Chief among those who had accumulated considerable property was Mr. James Forten, the proprietor of one of the leading sail manufactories, constantly employing a large number of men, black and white. Joseph Casey, a broker of considerable acumen, also accumulated desirable property, worth probably $75,000. Crowded out of the higher pursuits of labor, certain other enterprising business men of this group organized the Guild of Caterers. This was composed of such men as Bogle, Prosser, Dorsey, Jones and Minton. The aim was to elevate the Negro waiter and cook from the plane of menials to that of progressive business men. Then came Stephen Smith who amassed a large fortune as a lumber merchant and with him Whipper, Vidal and Purnell. Still and Bowers were reliable coal merchants, Adger a success in handling furniture, Bowser a well-known painter, and William H. Riley the intelligent boot maker.
There were a few such successful Negroes in other communities in the State. Mr. William Goodrich, of York, acquired considerable interest in the branch of the Baltimore and Ohio Railroad extending to Lancaster. Benjamin Richards, of Pittsburgh, amassed a large fortune running a butchering business, buying by contract droves of cattle to supply the various military posts of the United States. Mr. Henry M. Collins, who started life as a boatman, left this position for speculation in real estate in Pittsburgh where he established himself as an asset of the community and accumulated considerable wealth. Owen A. Barrett, of the same city, made his way by discovering the remedy known as “B.A. Fahnestock’s Celebrated Vermifuge”, for which he was retained in the employ of the proprietor, who exploited the remedy. Mr. John Julius made himself indispensable to Pittsburgh by running the Concert Hall Cafe where he served President William Henry Harrison in 1840.
The field of greatest achievement, however, was not in the conservative East where the people had well established their going toward an enlightened and sympathetic aristocracy of talent and wealth. It was in the West where men were in position to establish themselves anew and make of life what they would. These crude communities, to be sure, often objected to the presence of the Negroes and sometimes drove them out. But, on the other hand, not a few of those centers in the making were in the hands of the Quakers and other philanthropic persons who gave the Negroes a chance to grow up with the community, when they exhibited a capacity which justified philanthropic efforts in their behalf.

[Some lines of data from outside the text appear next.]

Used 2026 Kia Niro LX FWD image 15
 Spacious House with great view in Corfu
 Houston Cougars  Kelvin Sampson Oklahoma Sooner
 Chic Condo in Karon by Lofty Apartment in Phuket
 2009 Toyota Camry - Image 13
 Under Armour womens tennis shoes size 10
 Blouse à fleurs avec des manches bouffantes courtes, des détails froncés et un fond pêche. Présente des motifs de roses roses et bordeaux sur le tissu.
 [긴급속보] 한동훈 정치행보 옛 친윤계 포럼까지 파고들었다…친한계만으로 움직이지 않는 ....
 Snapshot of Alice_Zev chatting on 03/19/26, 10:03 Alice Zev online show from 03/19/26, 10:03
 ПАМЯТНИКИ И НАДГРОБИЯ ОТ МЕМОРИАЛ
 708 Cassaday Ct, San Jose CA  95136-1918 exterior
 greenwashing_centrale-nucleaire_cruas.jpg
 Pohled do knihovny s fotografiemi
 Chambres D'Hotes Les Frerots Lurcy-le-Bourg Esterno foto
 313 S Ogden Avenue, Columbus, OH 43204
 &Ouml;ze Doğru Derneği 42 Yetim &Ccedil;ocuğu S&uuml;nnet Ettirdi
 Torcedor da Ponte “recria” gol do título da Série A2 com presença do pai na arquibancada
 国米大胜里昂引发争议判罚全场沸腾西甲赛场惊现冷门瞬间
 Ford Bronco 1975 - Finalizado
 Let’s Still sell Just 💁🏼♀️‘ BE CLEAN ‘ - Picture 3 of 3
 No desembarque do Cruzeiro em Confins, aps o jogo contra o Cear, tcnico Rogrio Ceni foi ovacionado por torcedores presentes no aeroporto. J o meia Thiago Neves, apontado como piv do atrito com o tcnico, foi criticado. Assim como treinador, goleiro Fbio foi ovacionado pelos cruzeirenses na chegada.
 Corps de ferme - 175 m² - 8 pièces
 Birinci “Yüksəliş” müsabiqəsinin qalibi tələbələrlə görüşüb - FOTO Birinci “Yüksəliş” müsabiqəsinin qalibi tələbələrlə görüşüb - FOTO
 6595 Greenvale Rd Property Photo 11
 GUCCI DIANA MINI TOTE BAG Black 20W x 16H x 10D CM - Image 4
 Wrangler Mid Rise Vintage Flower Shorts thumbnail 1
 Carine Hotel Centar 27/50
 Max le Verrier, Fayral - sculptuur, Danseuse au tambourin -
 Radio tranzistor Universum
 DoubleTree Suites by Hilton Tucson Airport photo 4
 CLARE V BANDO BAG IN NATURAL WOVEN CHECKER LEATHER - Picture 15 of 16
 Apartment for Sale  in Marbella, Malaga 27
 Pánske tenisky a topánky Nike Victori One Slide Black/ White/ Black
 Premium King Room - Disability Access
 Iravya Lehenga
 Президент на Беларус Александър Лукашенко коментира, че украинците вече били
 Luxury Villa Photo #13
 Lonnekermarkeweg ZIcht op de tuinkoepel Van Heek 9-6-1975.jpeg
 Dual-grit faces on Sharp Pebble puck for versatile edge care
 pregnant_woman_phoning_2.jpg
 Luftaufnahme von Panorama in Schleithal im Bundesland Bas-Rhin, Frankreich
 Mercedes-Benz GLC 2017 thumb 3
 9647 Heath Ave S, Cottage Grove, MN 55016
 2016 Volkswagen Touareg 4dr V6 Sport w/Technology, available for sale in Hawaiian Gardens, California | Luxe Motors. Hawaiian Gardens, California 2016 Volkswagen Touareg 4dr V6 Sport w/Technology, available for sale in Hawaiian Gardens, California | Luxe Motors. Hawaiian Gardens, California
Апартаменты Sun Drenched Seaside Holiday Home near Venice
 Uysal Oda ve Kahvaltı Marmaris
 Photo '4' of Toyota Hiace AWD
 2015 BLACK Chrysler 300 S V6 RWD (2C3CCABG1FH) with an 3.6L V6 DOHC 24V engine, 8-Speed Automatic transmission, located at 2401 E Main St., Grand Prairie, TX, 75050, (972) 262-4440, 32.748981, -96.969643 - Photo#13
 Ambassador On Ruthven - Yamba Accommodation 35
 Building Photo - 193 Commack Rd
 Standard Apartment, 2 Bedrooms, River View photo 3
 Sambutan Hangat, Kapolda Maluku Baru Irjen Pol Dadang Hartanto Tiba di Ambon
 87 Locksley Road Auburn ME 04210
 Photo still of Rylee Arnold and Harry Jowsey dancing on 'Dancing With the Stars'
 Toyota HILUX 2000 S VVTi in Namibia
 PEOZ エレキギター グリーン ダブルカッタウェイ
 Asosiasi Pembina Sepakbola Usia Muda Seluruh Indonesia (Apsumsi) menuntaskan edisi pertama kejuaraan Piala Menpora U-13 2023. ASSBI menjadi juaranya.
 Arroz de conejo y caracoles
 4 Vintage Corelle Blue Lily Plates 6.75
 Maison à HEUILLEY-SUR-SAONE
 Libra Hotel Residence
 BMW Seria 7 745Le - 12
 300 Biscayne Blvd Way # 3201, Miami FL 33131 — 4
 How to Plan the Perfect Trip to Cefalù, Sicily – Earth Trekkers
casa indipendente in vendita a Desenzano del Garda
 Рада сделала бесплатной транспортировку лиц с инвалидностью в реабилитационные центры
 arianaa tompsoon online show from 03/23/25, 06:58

These favorable conditions obtained especially in the towns along the Ohio river, where so many fugitives and free persons of color stopped on their way from slavery to freedom. In Steubenville a number of Negroes had by their industry and good deportment made themselves helpful to the community. Stephen Mulber who had been in that town for thirty years was in 1835 the leader of a group of thrifty free persons of color. He had a brick dwelling, in which he lived, and other property in the city. He made his living as a master mechanic employing a force of workmen to meet the increasing demand for his labor. In Gallipolis, there was another group of this class of Negroes, who had permanently attached themselves to the town by the acquisition of property. They were then able not only to provide for their families but were maintaining also a school and a church. In Portsmouth, Ohio, despite the “Black Friday” upheaval of 1831, the Negroes settled down to the solution of the problems of their new environment and later showed in the accumulation of property evidences of actual progress. Among the successful Negroes in Columbus was David Jenkins who acquired considerable property as a painter, glazier and paper hanger. One Mr. Hill, of Chillicothe, was for several years its leading tanner and currier.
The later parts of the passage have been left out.